Again, isn't that deprecated and the new mechanism (pokng at some register)
has to be used?
> 
> 4.2 pmem Address Management
> 
>  pmem address management is primarily composed of three parts:
>  (1) detection of pmem devices and their address ranges, which is
>      accomplished by Dom0 Linux pmem driver and Xen hypervisor;
>  (2) get SPA ranges of an pmem area that will be mapped to domain
>      which is accomplished by xl;
>  (3) map the pmem area to a domain, which is accomplished by qemu and
s/qemu/QEMU/
>      Xen hypervisor.
> 
>  Our design intends to reuse the current memory management for normal
>  RAM in Xen to manage the mapping of pmem. Then we will come across a
>  problem: where we store the memory management data structs for pmem.

s/we store/where to/
> 
>  The rest of this section addresses above aspects respectively.

Wait. What about alternatives? Why treat it as a RAM region instead of
as an MMIO region?

> 
> 4.2.1 Reserve Storage for Management Structures
> 
>  A core data struct in Xen memory management is 'struct page_info'.
>  For normal ram, Xen creates a page_info struct for each page. For
>  pmem, we are going to do the same. However, for large capacity pmem
>  devices (e.g. several terabytes or even larger), a large amount of
>  page_info structs will occupy too much storage space that cannot
>  fit in the normal ram.
> 
>  Our solution, as used by Linux kernel, is to reserve an area on pmem
>  and place pmem's page_info structs in that reserved area. Therefore,
>  we can always ensure there is enough space for pmem page_info
>  structs, though the access to them is slower than directly from the
>  normal ram.
> 
>  Such a pmem namespace can be created via a userspace tool ndctl and
>  then recognized by Linux NVDIMM driver. However, they currently only
>  reserve space for Linux kernel's page structs. Therefore, our design
>  need to extend both Linux NVDIMM driver and ndctl to reserve
>  arbitrary size.

That seems .. fragile? What if Windows or FreeBSD want to use it
too? Would this 'struct page' on on NVDIMM be generalized enough
to work with Linux,Xen, FreeBSD and what not?

And this ndctl is https://github.com/pmem/ndctl I presume?
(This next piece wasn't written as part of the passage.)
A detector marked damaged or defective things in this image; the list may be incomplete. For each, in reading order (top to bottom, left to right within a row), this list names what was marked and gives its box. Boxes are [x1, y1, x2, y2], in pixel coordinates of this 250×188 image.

And how is this structure reserved? Is it a seperate namespace entry?
And QEMU knows not to access it? Or Xen needs to make sure _nobody_
except it can access it? Which means Xen may need to know the format
of the ndctl structures that are laid out in the NVDIMM region?

> 
> 4.2.2 Detection of Host pmem Devices
> 
>  The detection and initialize host pmem devices require a non-trivial
>  driver to interact with the corresponding ACPI namespace devices,
>  parse namespace labels and make necessary recovery actions. Instead
>  of duplicating the comprehensive Linux pmem driver in Xen hypervisor,
>  our designs leaves it to Dom0 Linux and let Dom0 Linux report
>  detected host pmem devices to Xen hypervisor.
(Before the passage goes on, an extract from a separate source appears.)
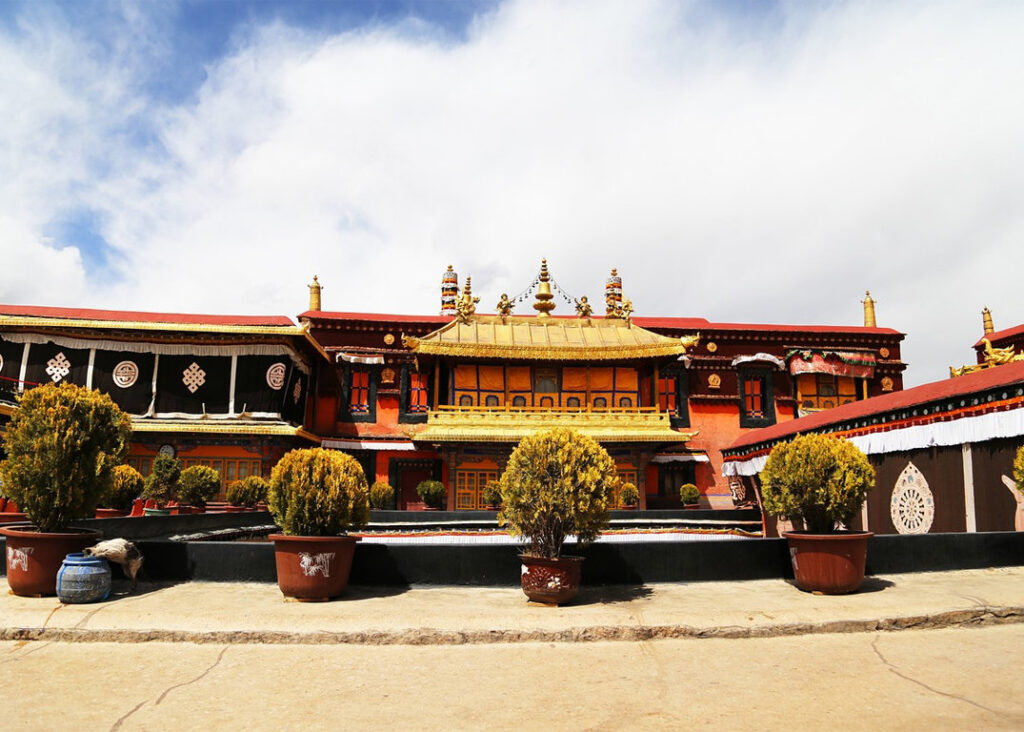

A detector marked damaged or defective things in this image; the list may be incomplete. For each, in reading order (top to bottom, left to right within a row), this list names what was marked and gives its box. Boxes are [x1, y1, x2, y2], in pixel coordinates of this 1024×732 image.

crack in pavement [154, 651, 229, 708]
crack in pavement [872, 634, 999, 716]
So Xen would ignore at bootup ACPI NFIT structures?
> 
>  Our design takes following steps to detect host pmem devices when Xen
>  boots.
>  (1) As booting on bare metal, host pmem devices are detected by Dom0
>      Linux NVDIMM driver.
> 
>  (2) Our design extends Linux NVDIMM driver to reports SPA's and sizes
>      of the pmem devices and reserved areas to Xen hypervisor via a
>      new hypercall.

reserved areas? That is the namespace region and the SPA <start,end>
for the ndctl areas? Are the ndctl areas guarnateed to be contingous?

Is there some spec on the ndctl and how/where they are stuck in the NVDIMM?

> 
>  (3) Xen hypervisor then checks
>      - whether SPA and size of the newly reported pmem device is overlap
>        with any previously reported pmem devices;

Or normal RAM?

>      - whether the reserved area can fit in the pmem device and is
>        large enough to hold page_info structs for itself.

I think I know what you mean but it sounds odd.

Perhaps:

 large enough to hold page_info struct's for it's entire range?

Native speaker, like Ian, would know how to say this right I think.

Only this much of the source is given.